Indexing

ALOS DB indexes are fully automatic. There is nothing to create, nothing to drop, and nothing to tune. Every field you query is indexed on first access and stays indexed forever.

Zero-Config Indexing

ALOS DB is the only document database with fully automatic index management. There is no createIndex(), no ensureIndex(), and no dropIndex(). The index system is entirely self-managing.

How It Works

The first time you query a field, ALOS DB automatically builds a B-tree index on that field. Every subsequent query on the same field uses the index instantly. This happens transparently — your code never touches index management:

Go
// Just query. Indexes are created automatically.
doc, _ := users.FindOne(alosdbclient.Document{
    "guild_id":  "123456789",
    "author.id": "987654321",
})
// Both "guild_id" and "author.id" are now indexed.
// Every future query on these fields is instant.

What Gets Indexed

  • Top-level fieldsguild_id, channel_id, type
  • Nested fieldsauthor.id, author.username, author.discriminator
  • Deep nested fieldsauthor.global_name, content, any depth
  • Every unique key in your documents — if it exists, it can be indexed

No manual index management. ALOS DB watches what you query and builds indexes automatically. You never have to think about createIndex, index ordering, compound indexes, or index maintenance. It just works.

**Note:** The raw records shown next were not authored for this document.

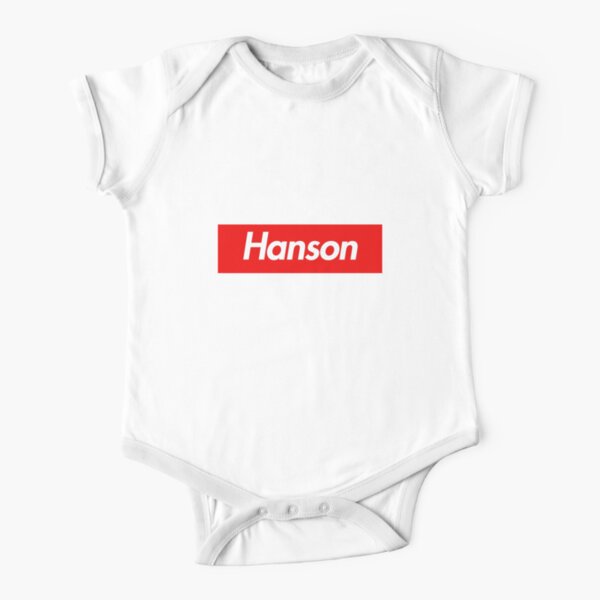 Hanson Family Name - Hanson Short Sleeve Baby One-Piece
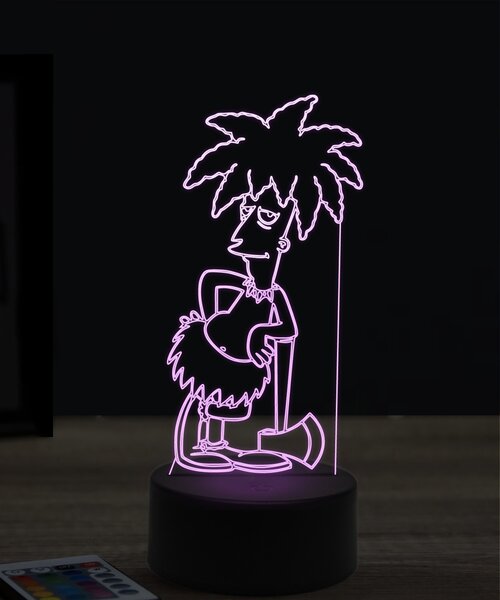 Beling 3D lampa, Levák Bob, 7 farebná KTT23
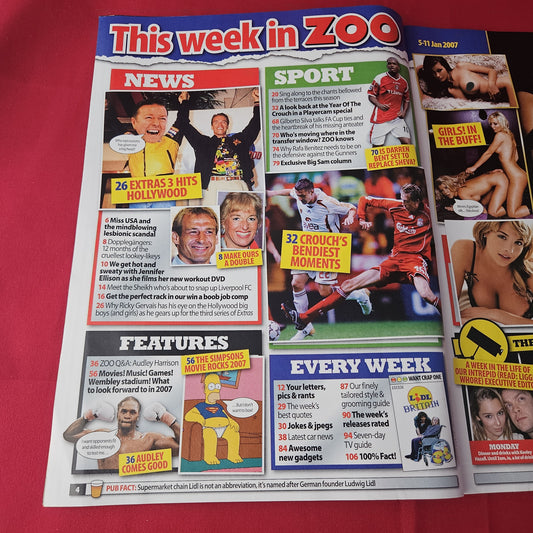 Zoo Magazine 5-11 January 2007 (1407) Keeley Hazell Gemma Atkinson Michelle Marsh Sophie Howard Kyla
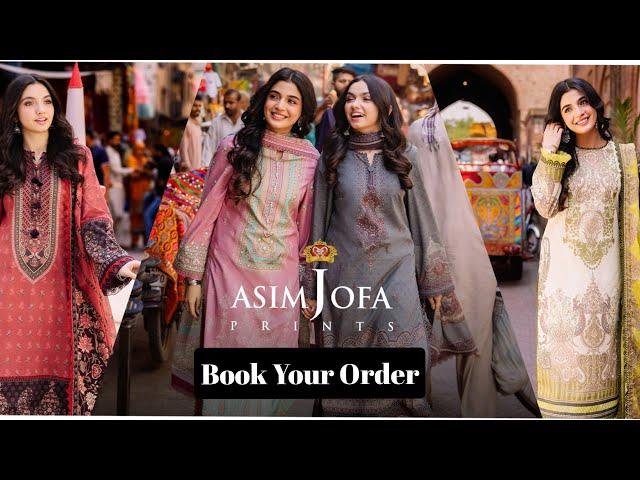 Asim Jofa 3Piece Unstitched Print Collection'24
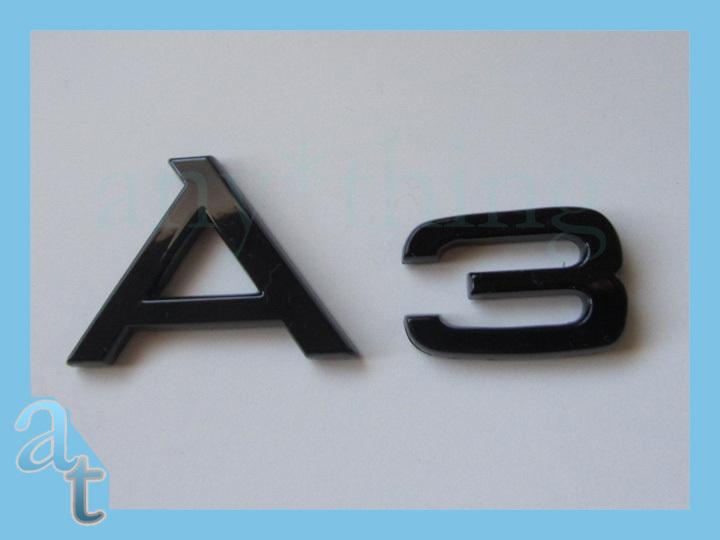 A3 audi gloss black rear trunk badge emblem logo 2006 2007 2010 2011 2012 2013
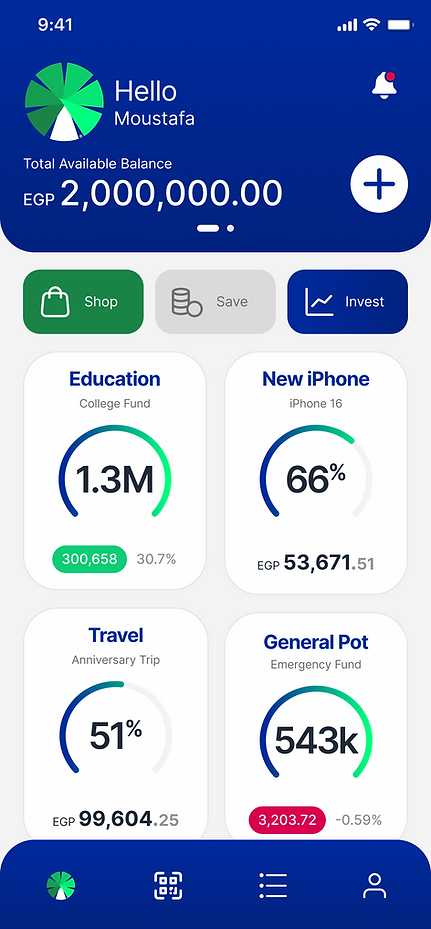 PALM - Homepage UI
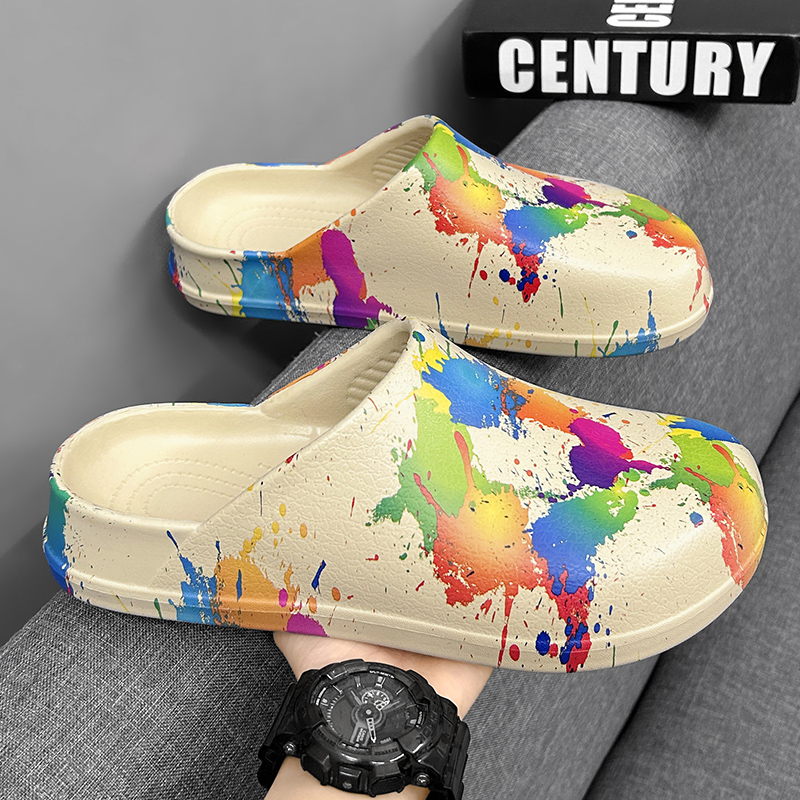 Men Women Graffiti Clogs EVA S - Kitchen Gadgets For Men บทวิจารณ์และราคา
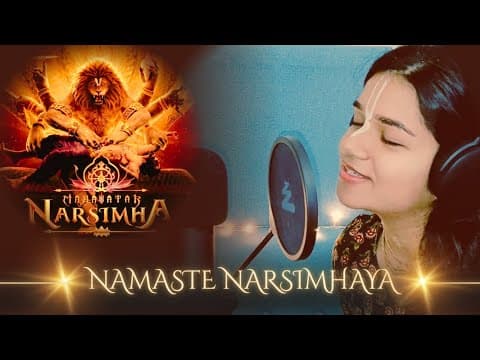 Namaste Narsimhaya | Mahavatar Narsimha 🔥 song cover | Narsimha Aarti by KIRTAN FOREVER! - Album Art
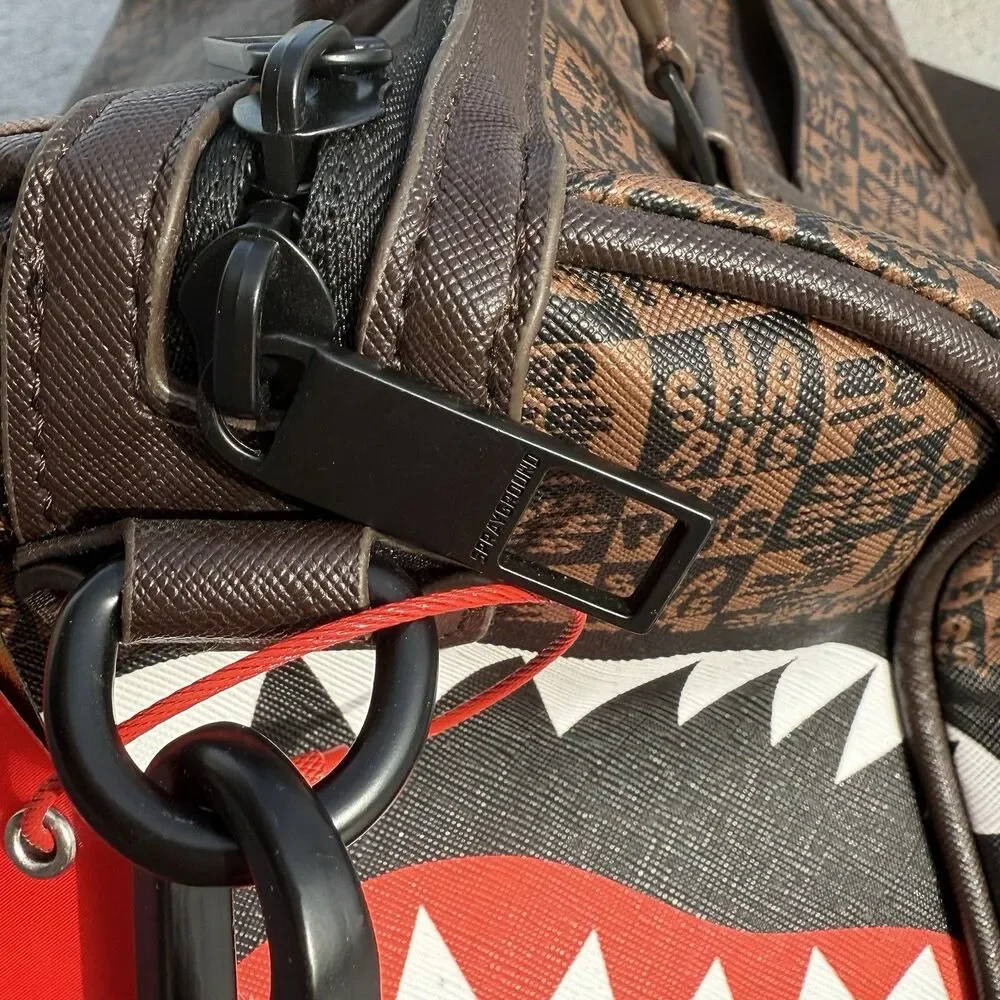 Sprayground Sharks In Paris Small Duffle Bag Brown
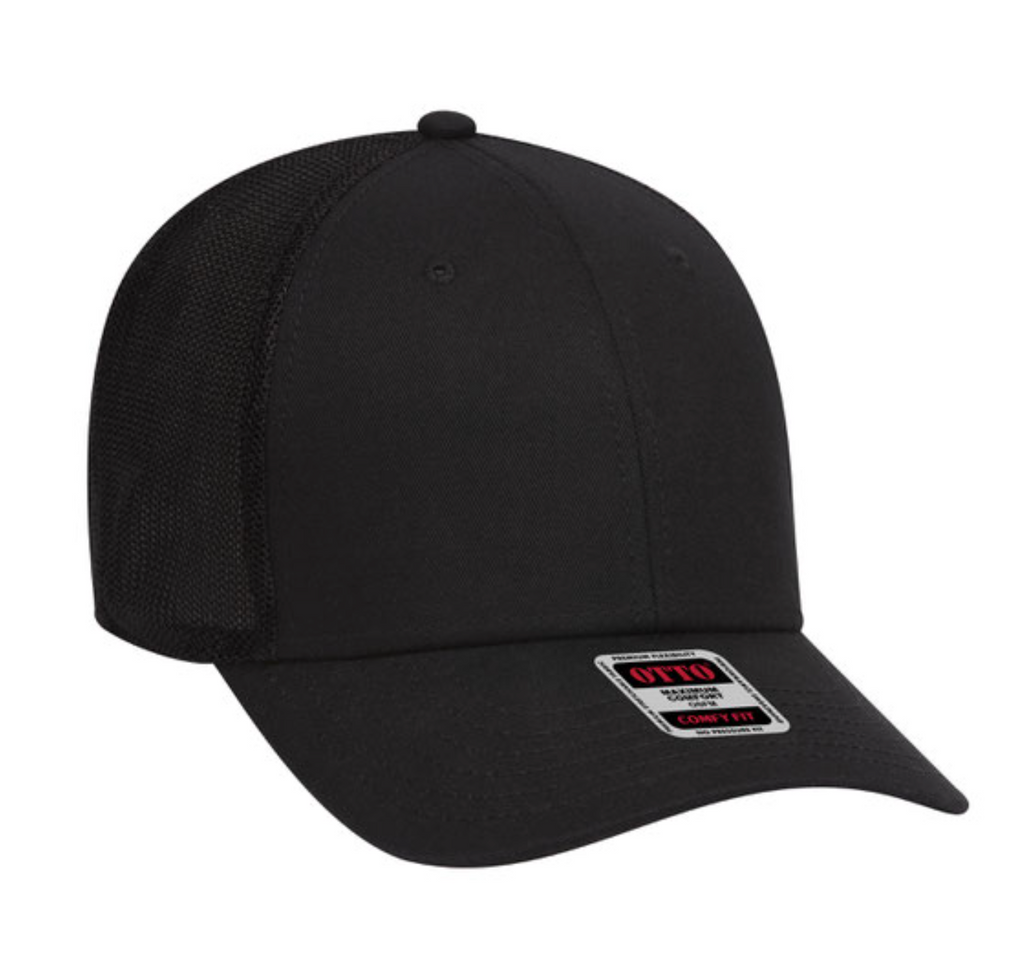 Otto 112 Trucker Cap w/ custom Leatherette Patch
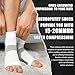 AGERALIY 2 Pairs Upgraded Neuropathy Socks-15-20 mmHg Compression Socks for Men&Women,Comprex Ankle Sleeves for Plantar Fasciitis, Arch Pain,Edema & Fatigue/All-day wearable(White,S/M)
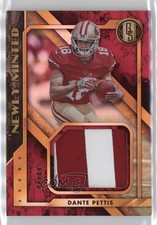 2018 Panini Gold Standard Newly Minted Memorabilia Prime 44/49 Dante Pettis 05fy
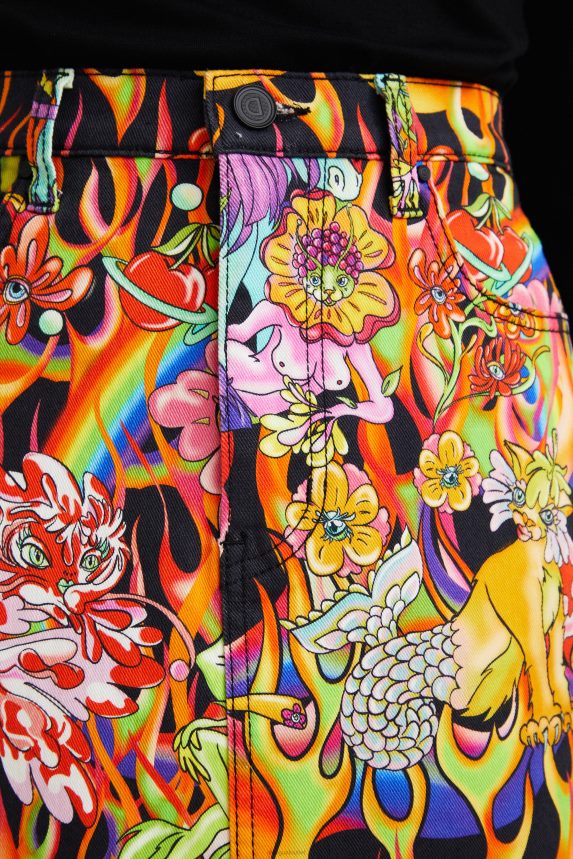 Women DesigualRainbow short skirt Clothing 68X2401118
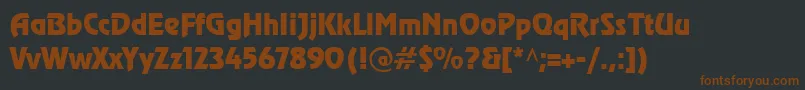 CyrillicrevueNormal Font – Brown Fonts on Black Background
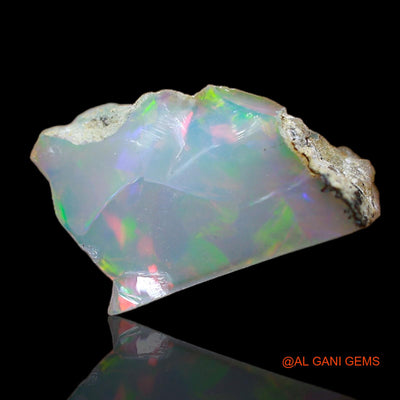 5.00 Cts Natural Ethiopian Fire Opal Loose Gemstone Fancy Rough 16x9x9 mm E-238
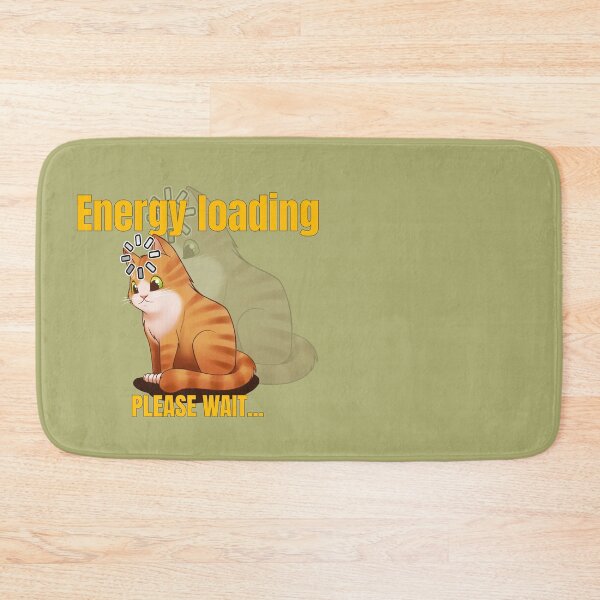 Item preview, Cat Energy loading, please wait designed and sold by PoddighiArt.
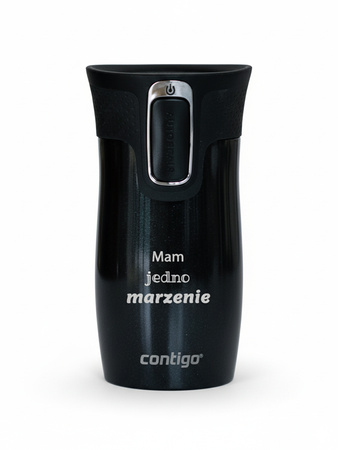 Kubek termiczny z grawerem Contigo West Loop Mini 300ml - Licorice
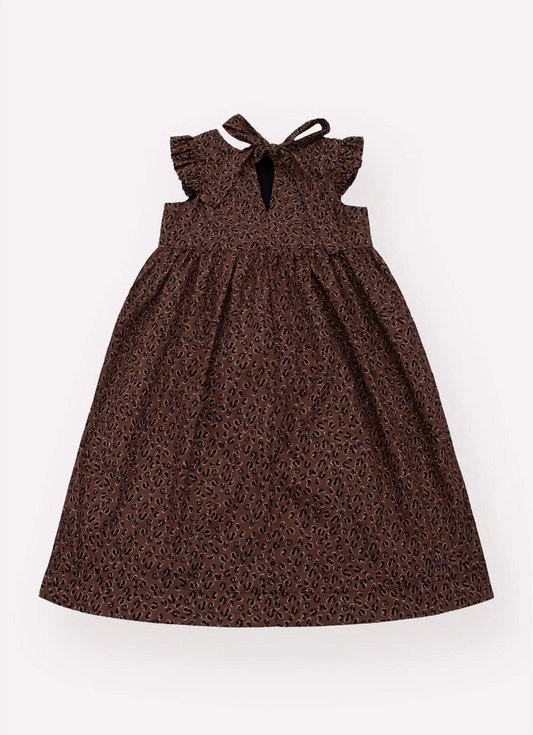 Vestido Algodão Babadinho Manga Longa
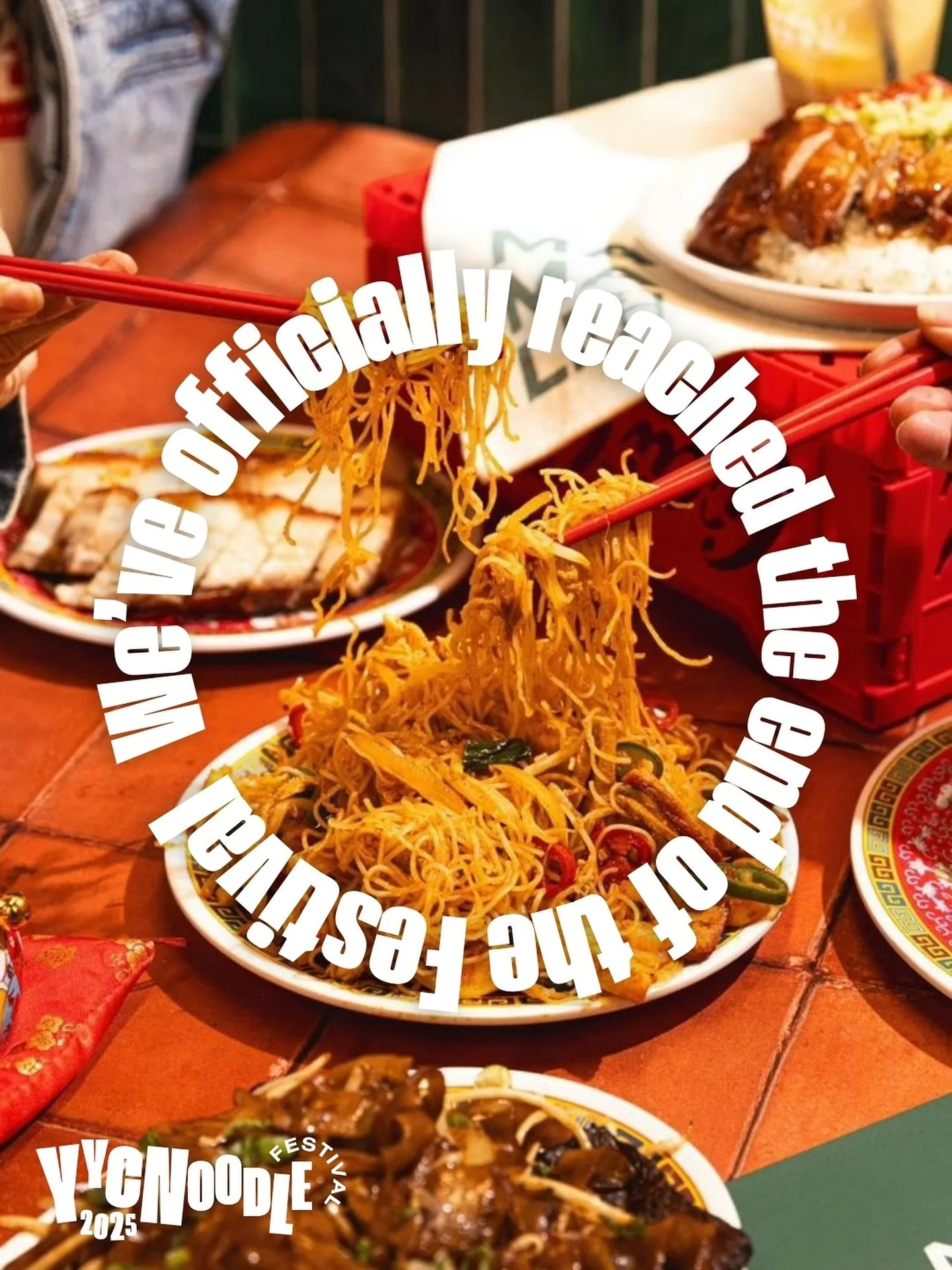 We&rsquo;ve officially reached the end of the Festival! 🍜🎉

Thank you for slurping your way across the city and helping make a real difference. Your bowls supported Leftovers Foundation, and we&rsquo;re so grateful for the impact you helped create.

Auto-Index vs. Traditional Databases

Feature ALOS DB MongoDB / PostgreSQL
Index creation Automatic Manual createIndex()
Index dropping Not needed Manual dropIndex()
Compound indexes Automatic multi-field Manual compound definition
Index tuning Zero config Manual explain + tuning
Nested field indexes Automatic Must define dot-notation index
Forgotten indexes Impossible Common production issue

Query Performance

ALOS DB delivers sub-15ms query latency at 60 million documents and sub-25ms at 300 million documents. These numbers hold for complex multi-condition queries with nested fields, $or, $in, $regex, $exists, and more.

<15ms
60M Documents
<25ms
300M Documents
1.4 GB
RAM at 60M Docs
8 min
Full Rebuild 60M

These benchmarks were measured on a real production dataset — 60 million Discord message documents with 22+ top-level and nested keys per document. Every query was a complex, multi-condition filter. Not synthetic key-value lookups.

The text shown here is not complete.